Why is Sibley bad?

Anonymous
I can't afford the fee so I'm not going there. Refuse to share a room and I want my Dh to spend the night
Anonymous
NP here - I read the new hospital will also have 2 shared rooms so that they can charge again. I don't know if that's true, but if it is, that's outrageous.
Anonymous
I had a private room at Georgetown. Had to stay there a month before I delivered. It was amazing. SO glad the NICU was down the hall. Didn't have to pay anything extra.
Anonymous
They have little to no trauma care there. For instance, they don't get any major car accidents or shooting. If something goes very wrong, my experience is that they did not have the basic equipment or doctors on hand to handle it.

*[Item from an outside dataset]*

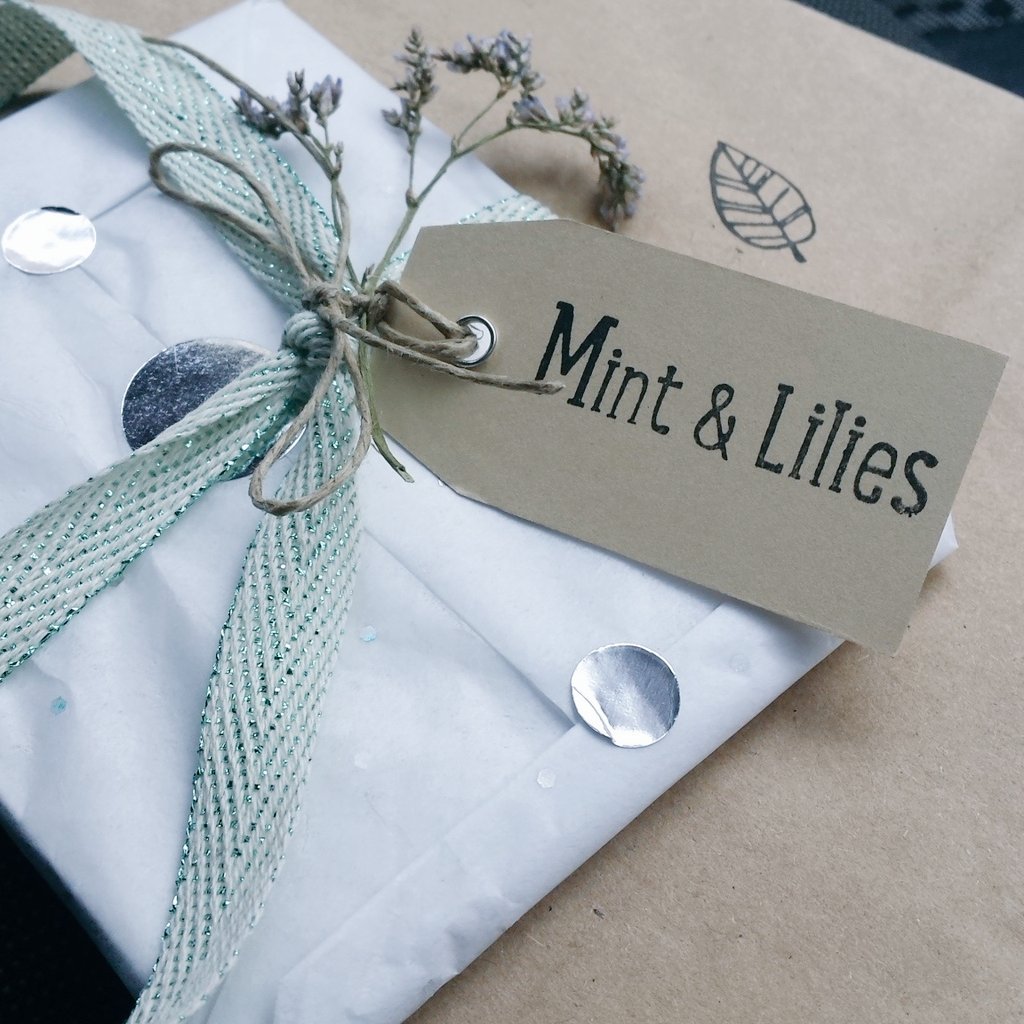 KimAllouche's tweet photo. Superbe boutique Mint &amp; Lilies #BonneAdresse #RueDaguerre #Paris #14e #cadeaux #mintetlilies https://t.co/eXTQgPqeW3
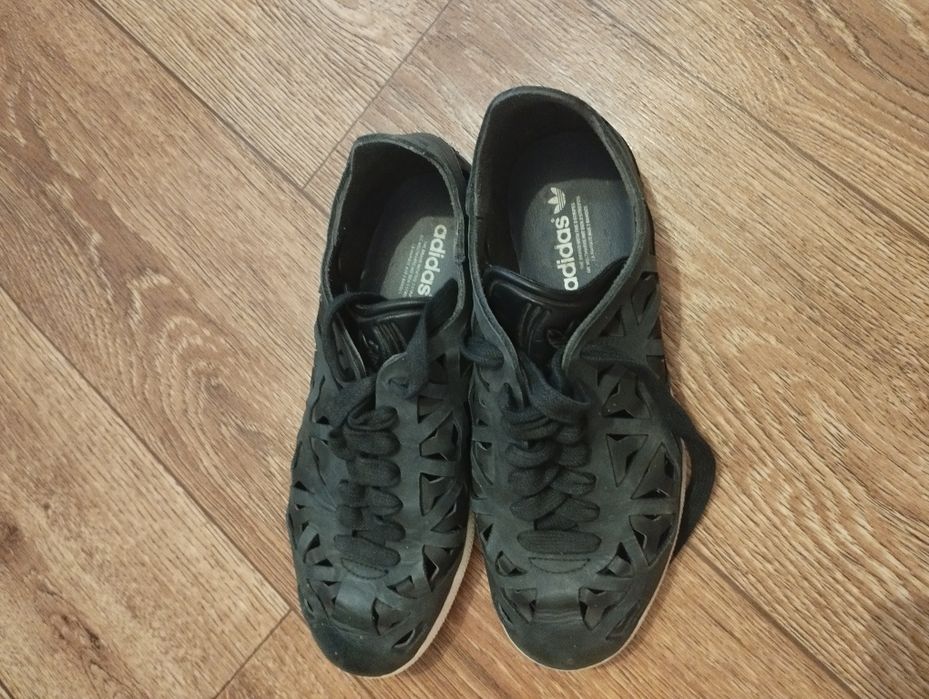 Кросівки жіночі Адідас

I needed a transfusion and it took them waaaaaay to long to even get that basic stuff up and running. They needed to call in a trauma specialist and it took him hours to get there. I don't think that would happen at GW, which has a trauma center.

That was a few years ago, so maybe it's gotten better.
Anonymous
What's the big deal? People will happily pay $5000 to go to Disney but balk at the minimal cost for a private room at Sibley? I delivered two there and it was as pleasant as labor and delivery can be. Great nurses, great care
What more can you legitimately ask for?!
Anonymous
Anonymous wrote:What's the big deal? People will happily pay $5000 to go to Disney but balk at the minimal cost for a private room at Sibley? I delivered two there and it was as pleasant as labor and delivery can be. Great nurses, great care
What more can you legitimately ask for?!


Functional blood transfusors in the OB operating rooms. That's what I'd ask for.
Anonymous
Anonymous wrote:What's the big deal? People will happily pay $5000 to go to Disney but balk at the minimal cost for a private room at Sibley? I delivered two there and it was as pleasant as labor and delivery can be. Great nurses, great care
What more can you legitimately ask for?!


No honey, I wouldn't pay $5000 to go to Disney either. I think you're confused about rich people such as yourself, and middle class people like me. Priorities.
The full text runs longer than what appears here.